↓

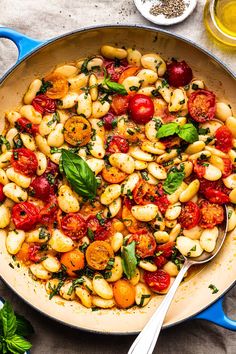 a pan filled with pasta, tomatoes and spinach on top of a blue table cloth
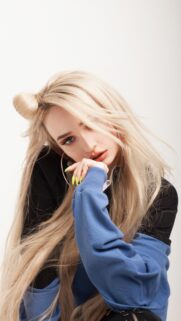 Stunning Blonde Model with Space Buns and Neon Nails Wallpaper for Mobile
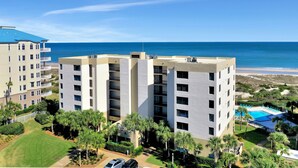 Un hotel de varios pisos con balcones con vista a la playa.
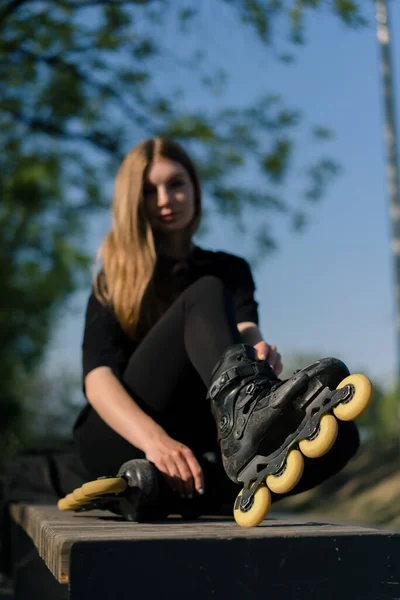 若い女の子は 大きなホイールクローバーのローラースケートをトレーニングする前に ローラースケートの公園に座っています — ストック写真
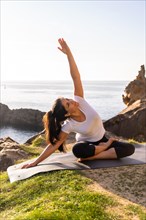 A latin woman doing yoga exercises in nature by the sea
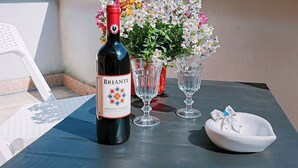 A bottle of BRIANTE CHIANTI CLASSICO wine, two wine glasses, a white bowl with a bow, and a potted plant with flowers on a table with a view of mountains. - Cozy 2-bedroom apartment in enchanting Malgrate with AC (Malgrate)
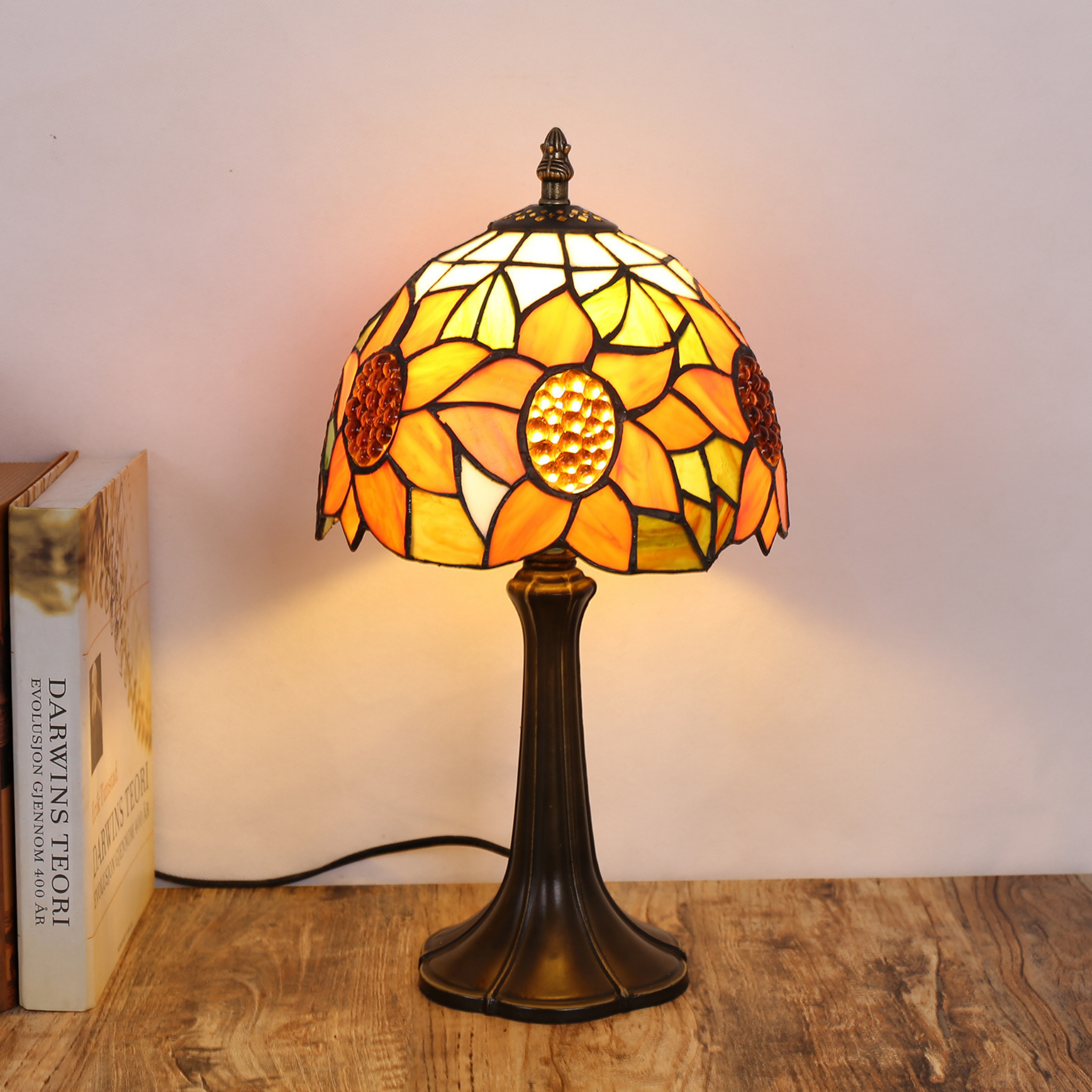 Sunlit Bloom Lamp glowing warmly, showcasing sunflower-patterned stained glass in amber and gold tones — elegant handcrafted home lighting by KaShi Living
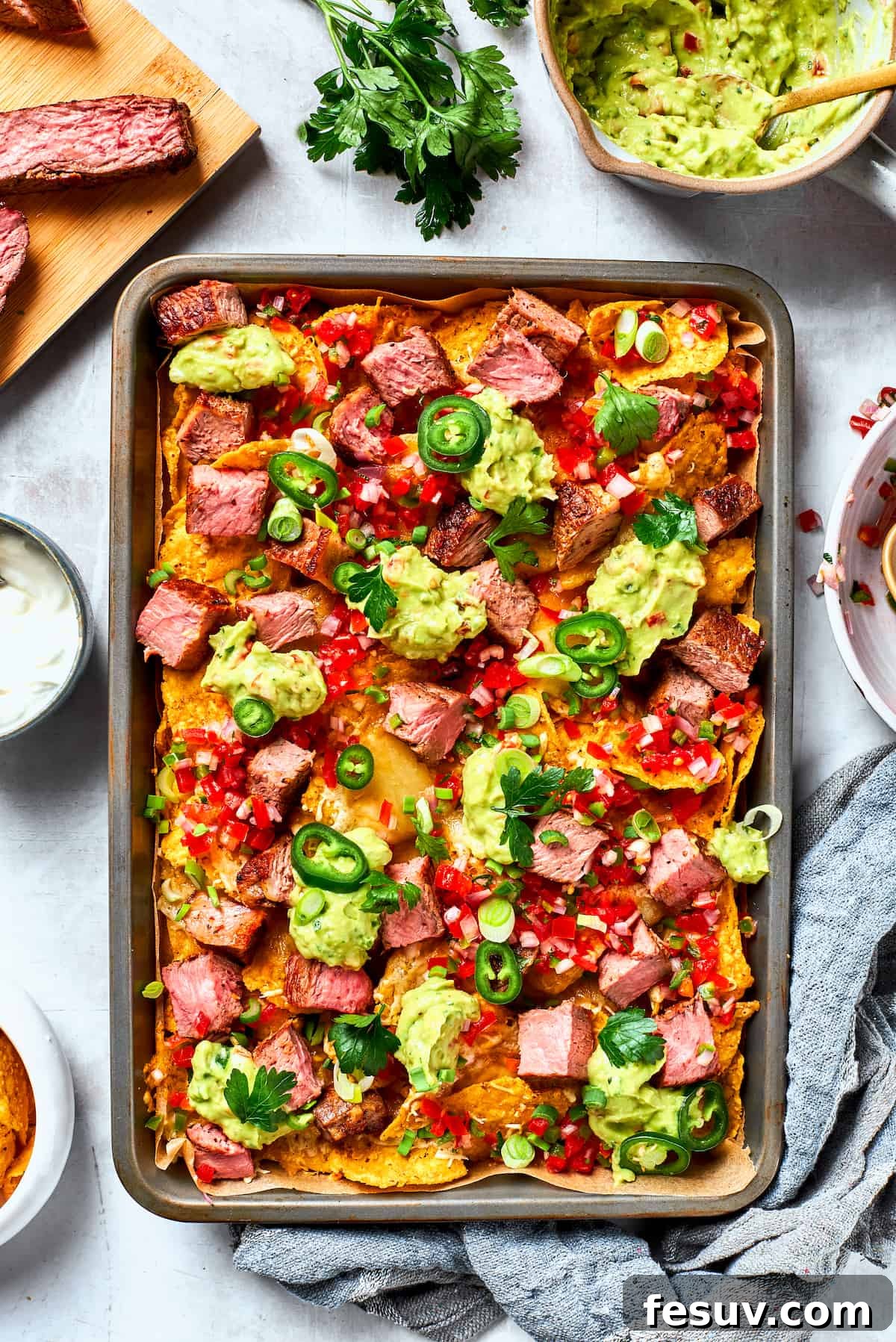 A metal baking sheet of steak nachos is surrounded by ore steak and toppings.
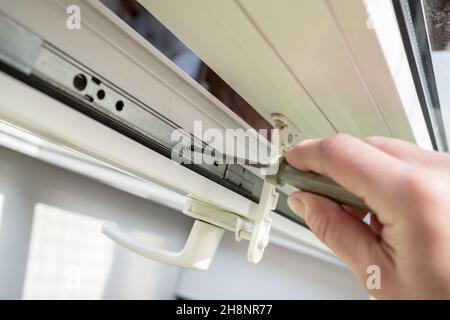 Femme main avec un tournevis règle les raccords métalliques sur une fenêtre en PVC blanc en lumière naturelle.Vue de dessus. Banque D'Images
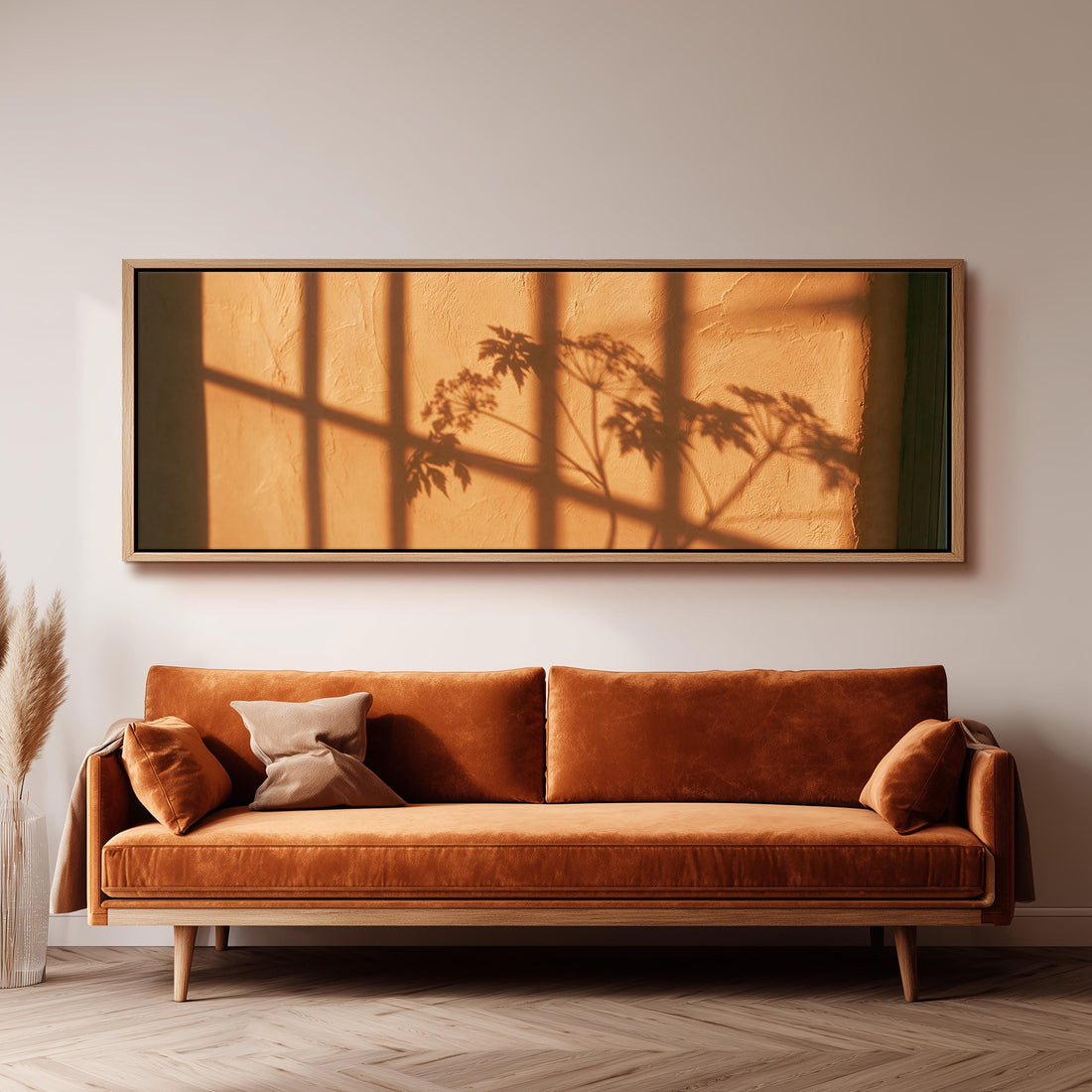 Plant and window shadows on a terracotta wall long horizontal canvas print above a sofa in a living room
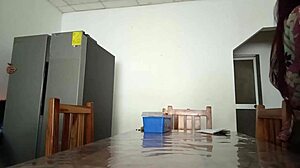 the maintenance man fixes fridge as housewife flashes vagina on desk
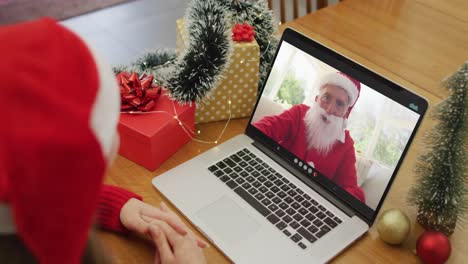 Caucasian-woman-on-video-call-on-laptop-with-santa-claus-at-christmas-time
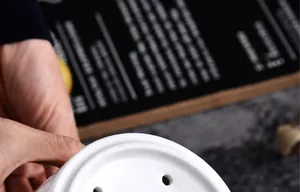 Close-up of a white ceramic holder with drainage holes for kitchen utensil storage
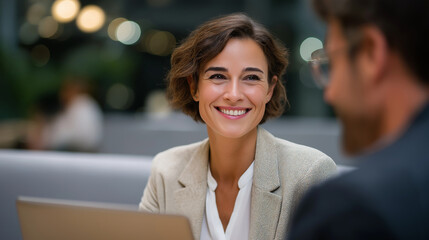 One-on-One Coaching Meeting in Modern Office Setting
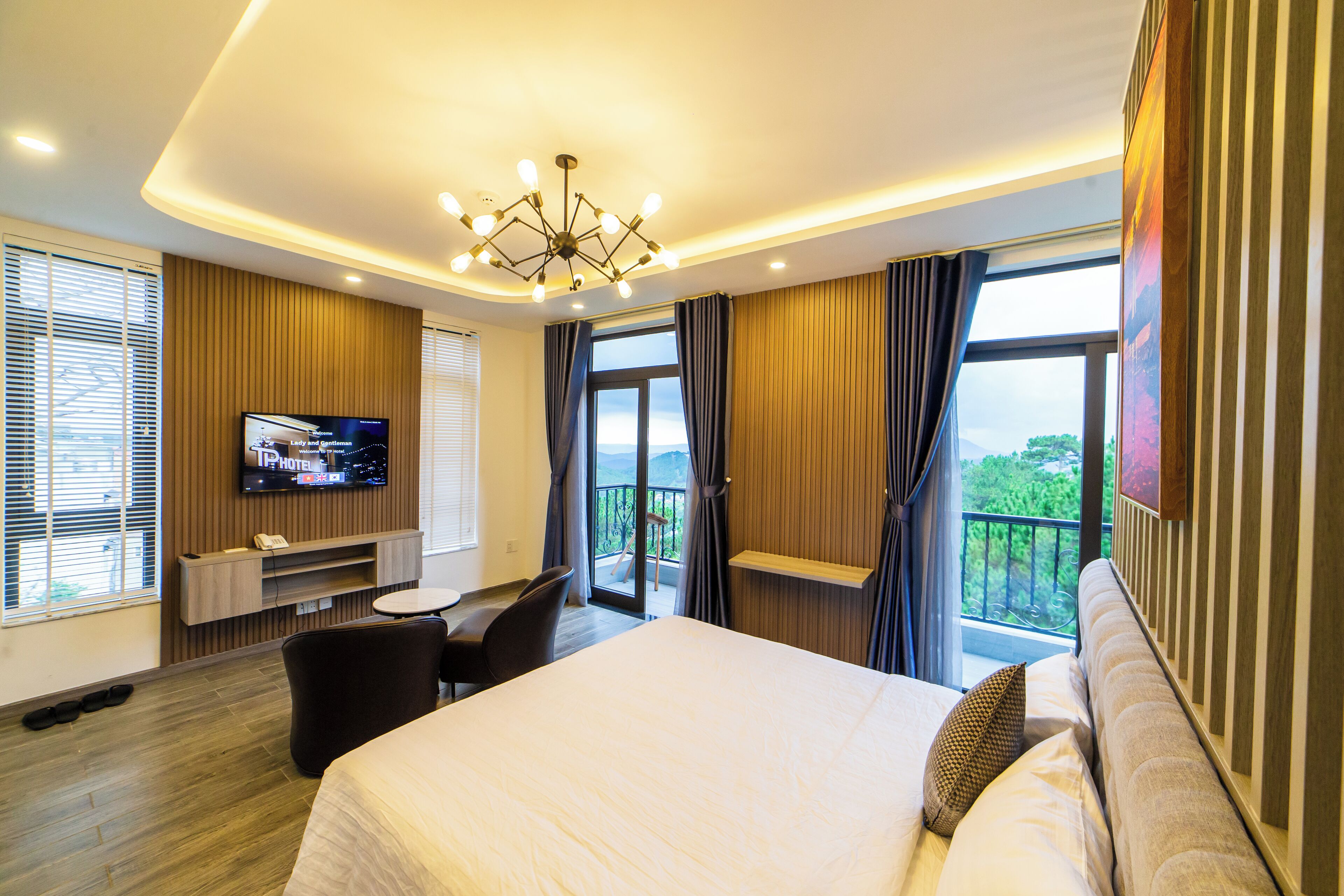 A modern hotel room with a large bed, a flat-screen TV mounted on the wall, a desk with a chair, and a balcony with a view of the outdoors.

↑

> _PROBLEM TO WORK ON_: Range to copy from the records above: the line containing "A latin woman" to the line containing "A bottle of", both included. Output those lines exactly and only those, skipping pictures.

> _REPLY TO THE EXERCISE_:
 A latin woman doing yoga exercises in nature by the sea
 A bottle of BRIANTE CHIANTI CLASSICO wine, two wine glasses, a white bowl with a bow, and a potted plant with flowers on a table with a view of mountains. - Cozy 2-bedroom apartment in enchanting Malgrate with AC (Malgrate)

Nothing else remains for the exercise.